Coinsurance by virtue of its scope and meaning is usually considered as similar to a co-pay facility under health insurance policies. Co-pay under health insurance policies is the amount that an insured has agreed to pay in the event of hospitalization. Coinsurance under the health insurance policy is a way of saying that insured and insurer agree to pay their share of the treatment cost.

Example of Coinsurance:

Coinsurance can be explained easily with the co-pay provision of health insurance policies. If you have a health insurance policy that states the co-pay terms as 80:20, where 80% is to be borne by insurer and 20% is to be borne by the insured. Similarly, under coinsurance, multiple companies share the risk of loss in the pre-determined percentage.
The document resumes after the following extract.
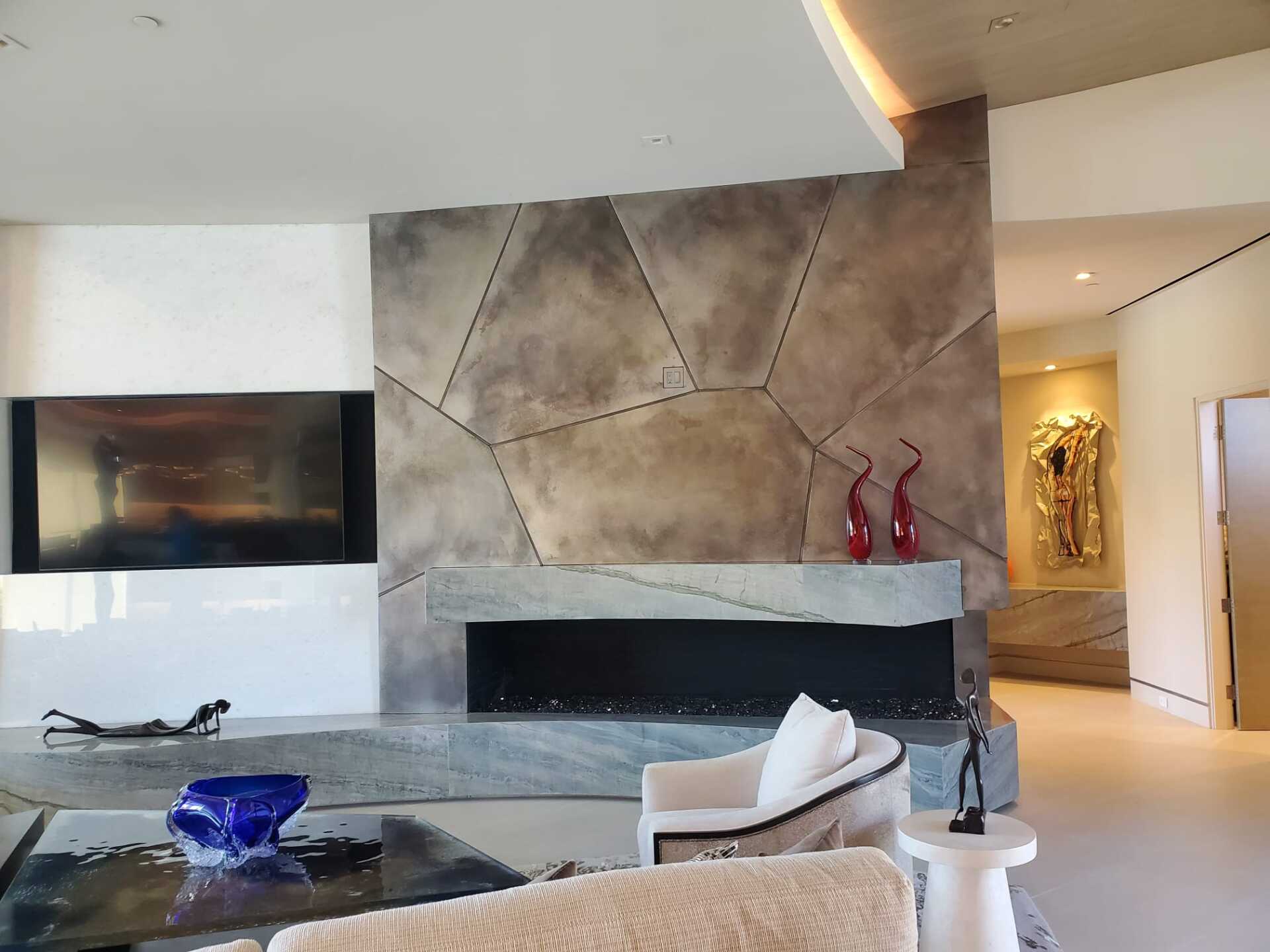 Custom residential fireplace - front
The essential difference between Reinsurance and Coinsurance:

  1. Reinsurance is providing insurance for the risk that has been already taken up by an insurance company. While Coinsurance refers to sharing one risk amongst multiple insurance companies.
  2. Reinsurance is considered as the transfer a part of the risk taken by the direct insurer to another or second insurer. The second insurer is known as the ‘reinsurer’. While in coinsurance all the parties to the agreement are direct insurers
  3. Under reinsurance, the reinsurer has no direct connection to the policyholder or insured, while under coinsurance all insurers have a direct connection with the policyholder or insured.
  4. Reinsurance is designed to limit the spread of risk associated with direct insurance. While coinsurance is designed to cover the risk that exceeds the capacity of one insurance company.